I like the concept but the painpoint has never been around creating realistic looking emails and such like, but creating data that is realistic in terms of the business domain and in terms of volume.

2 comments

Appreciate the Snaplet comparison, they were doing good work. You're right that realistic looking strings are the easy part. We're focused on relational integrity first (FKs, constraints, realistic cardinality), but business domain logic is the next layer. What kinds of rules would be useful for you? Things like weighted distributions, time-based patterns, conditional relationships?
The realistic cardinality is actually a good start (the problem with things like using Faker for DB seeds being that everything is entirely too random).

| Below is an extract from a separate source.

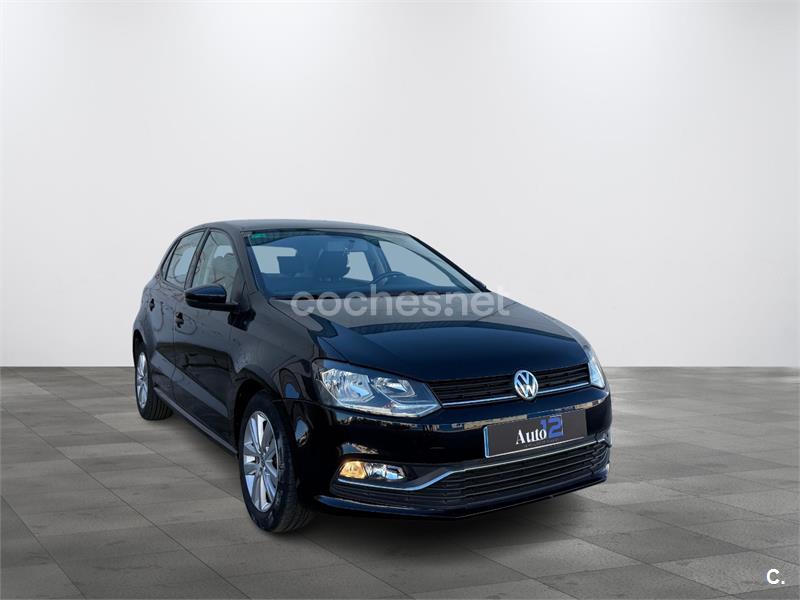 VOLKSWAGEN Polo Advance 1.4 TDI BMT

If one were be able to use metrics as source then, depending on the quality of the metrics, it might be possible to distribute data in a manner similar to what's observed in production? You know, some users that are far more active than others, for example. Considering a major issue with testing is that you can't accurately benchmark changes or migrations based on a staging environment that is 1% the size of your prod one, that would be a huge win I think even if the data is, for the most part, nonsensical. As long as referential integrity is intact the specifics matter less.

Domain specific stuff is harder to describe I think. For example, in my setup I'd want seeds of valid train journeys over multiple legs. There's a lot of detail in that where the shortcut is basically to try and source it from prod in some way.

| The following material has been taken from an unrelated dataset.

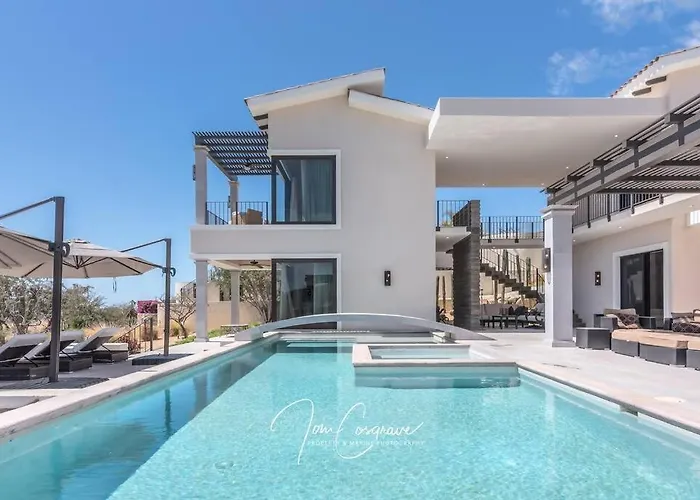 Villa Alegria, El Altillo 54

This is useful. What if you ran a CLI locally that extracts just the statistical profile from prod cardinality, relationship ratios, etc. and uploaded that? We'd never touch your database, you just hand us the metrics and we match the shape.
We do exactly that in one of our products. It's called data profiling.
I'd be willing to try that out :) a CLI would be great, even as a sandbox tool
Really appreciate the input. I'll make sure to give you early access once we implement this, I'll keep you posted.
Hey! Snaplet founder here. Want to clarify that it was not acquired by Supabase; I shutdown the startup and found roles for some of the team at Supabase.

The code remains:

- https://github.com/supabase-community/seed - https://github.com/supabase-community/copycat - https://github.com/supabase-community/snapshot

This looks like a great project, wishing them all the best on the journey.

Thanks!! means a lot coming from you. Best of luck at Supabase.
Thanks, but I am not at Supabase! I ended up going back to building RedwoodJS and took over the project, and now have a consultancy.